Goal of the exercise:
Only these lines are needed: the first line of the entries below through the line with "CB CHRIS BAKER logo", each returned exactly.

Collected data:
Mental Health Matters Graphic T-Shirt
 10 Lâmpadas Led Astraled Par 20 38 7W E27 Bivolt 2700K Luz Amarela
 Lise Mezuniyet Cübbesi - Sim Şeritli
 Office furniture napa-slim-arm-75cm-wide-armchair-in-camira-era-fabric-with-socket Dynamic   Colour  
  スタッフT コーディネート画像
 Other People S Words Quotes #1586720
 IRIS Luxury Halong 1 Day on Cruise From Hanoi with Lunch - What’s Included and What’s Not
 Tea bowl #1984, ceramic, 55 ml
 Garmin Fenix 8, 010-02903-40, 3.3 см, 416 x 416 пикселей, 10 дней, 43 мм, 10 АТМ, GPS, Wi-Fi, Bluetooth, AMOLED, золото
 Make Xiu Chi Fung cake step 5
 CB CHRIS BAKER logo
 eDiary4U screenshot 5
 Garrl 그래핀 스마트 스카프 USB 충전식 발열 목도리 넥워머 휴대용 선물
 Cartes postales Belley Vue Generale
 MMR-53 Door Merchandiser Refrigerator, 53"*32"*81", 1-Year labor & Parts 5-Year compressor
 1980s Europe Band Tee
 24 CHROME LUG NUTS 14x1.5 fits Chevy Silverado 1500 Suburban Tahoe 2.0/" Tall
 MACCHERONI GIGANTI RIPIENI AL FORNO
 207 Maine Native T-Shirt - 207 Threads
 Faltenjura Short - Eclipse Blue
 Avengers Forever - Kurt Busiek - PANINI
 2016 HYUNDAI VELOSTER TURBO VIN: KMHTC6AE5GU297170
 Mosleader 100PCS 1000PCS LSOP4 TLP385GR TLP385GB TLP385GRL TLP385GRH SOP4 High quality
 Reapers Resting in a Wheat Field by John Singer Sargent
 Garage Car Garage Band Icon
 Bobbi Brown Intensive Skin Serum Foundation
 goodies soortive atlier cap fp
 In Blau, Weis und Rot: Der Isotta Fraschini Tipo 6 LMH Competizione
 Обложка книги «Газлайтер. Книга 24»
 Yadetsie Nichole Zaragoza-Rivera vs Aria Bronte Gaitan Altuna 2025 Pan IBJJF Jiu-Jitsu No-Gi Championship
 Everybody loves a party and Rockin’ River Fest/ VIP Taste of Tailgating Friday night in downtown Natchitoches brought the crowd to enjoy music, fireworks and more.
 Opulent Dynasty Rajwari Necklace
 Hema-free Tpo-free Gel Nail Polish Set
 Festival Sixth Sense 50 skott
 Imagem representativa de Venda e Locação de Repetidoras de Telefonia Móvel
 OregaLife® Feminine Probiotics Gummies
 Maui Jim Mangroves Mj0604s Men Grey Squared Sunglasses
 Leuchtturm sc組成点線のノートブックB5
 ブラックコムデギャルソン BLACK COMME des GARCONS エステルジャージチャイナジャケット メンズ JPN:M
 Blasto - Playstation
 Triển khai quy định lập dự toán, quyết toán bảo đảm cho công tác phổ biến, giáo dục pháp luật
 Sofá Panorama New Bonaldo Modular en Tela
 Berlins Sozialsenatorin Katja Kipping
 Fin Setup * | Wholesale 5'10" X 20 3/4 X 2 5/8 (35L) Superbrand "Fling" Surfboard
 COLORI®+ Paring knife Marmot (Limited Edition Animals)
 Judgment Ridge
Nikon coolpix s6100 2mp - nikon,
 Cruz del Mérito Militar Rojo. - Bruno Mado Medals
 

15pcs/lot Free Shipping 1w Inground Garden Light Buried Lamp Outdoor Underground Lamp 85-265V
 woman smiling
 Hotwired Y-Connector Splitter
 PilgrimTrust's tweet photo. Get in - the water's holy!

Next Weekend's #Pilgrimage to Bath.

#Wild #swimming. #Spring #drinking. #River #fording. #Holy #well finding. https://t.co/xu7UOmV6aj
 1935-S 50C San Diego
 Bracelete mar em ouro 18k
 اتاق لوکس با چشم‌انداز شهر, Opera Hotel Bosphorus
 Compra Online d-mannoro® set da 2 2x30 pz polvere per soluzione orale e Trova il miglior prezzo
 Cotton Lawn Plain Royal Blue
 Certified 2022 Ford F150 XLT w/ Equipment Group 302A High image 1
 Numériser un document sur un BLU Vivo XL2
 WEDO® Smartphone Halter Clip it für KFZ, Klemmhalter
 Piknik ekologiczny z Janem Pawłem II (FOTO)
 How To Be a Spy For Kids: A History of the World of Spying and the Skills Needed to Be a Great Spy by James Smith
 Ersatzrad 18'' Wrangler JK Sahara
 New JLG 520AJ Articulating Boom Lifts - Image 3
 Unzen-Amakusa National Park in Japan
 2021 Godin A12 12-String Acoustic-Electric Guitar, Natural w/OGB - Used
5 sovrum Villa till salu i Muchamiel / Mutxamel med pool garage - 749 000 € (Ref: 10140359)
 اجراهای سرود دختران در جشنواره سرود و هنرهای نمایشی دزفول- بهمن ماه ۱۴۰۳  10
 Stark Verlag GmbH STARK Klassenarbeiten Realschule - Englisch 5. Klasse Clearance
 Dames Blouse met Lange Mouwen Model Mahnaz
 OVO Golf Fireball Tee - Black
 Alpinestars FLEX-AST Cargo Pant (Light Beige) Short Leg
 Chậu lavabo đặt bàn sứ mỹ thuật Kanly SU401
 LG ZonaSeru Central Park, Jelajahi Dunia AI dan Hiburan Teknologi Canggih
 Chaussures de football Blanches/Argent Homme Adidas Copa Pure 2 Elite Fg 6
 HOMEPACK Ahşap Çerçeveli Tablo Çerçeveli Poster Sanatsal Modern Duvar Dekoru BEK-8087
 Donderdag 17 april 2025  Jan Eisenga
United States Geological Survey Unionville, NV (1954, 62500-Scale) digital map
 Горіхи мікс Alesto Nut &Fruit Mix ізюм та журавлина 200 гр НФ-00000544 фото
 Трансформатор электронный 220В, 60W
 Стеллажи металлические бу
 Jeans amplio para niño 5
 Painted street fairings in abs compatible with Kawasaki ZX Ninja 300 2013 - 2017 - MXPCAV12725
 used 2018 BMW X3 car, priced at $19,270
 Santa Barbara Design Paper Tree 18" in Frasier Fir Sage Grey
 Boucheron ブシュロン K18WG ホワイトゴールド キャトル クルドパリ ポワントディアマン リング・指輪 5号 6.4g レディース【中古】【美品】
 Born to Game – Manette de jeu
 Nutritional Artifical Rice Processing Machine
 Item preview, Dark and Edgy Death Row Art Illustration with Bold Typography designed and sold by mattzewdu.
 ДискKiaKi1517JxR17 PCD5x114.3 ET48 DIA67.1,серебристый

Response to the task:
Mental Health Matters Graphic T-Shirt
 10 Lâmpadas Led Astraled Par 20 38 7W E27 Bivolt 2700K Luz Amarela
 Lise Mezuniyet Cübbesi - Sim Şeritli
 Office furniture napa-slim-arm-75cm-wide-armchair-in-camira-era-fabric-with-socket Dynamic   Colour  
  スタッフT コーディネート画像
 Other People S Words Quotes #1586720
 IRIS Luxury Halong 1 Day on Cruise From Hanoi with Lunch - What’s Included and What’s Not
 Tea bowl #1984, ceramic, 55 ml
 Garmin Fenix 8, 010-02903-40, 3.3 см, 416 x 416 пикселей, 10 дней, 43 мм, 10 АТМ, GPS, Wi-Fi, Bluetooth, AMOLED, золото
 Make Xiu Chi Fung cake step 5
 CB CHRIS BAKER logo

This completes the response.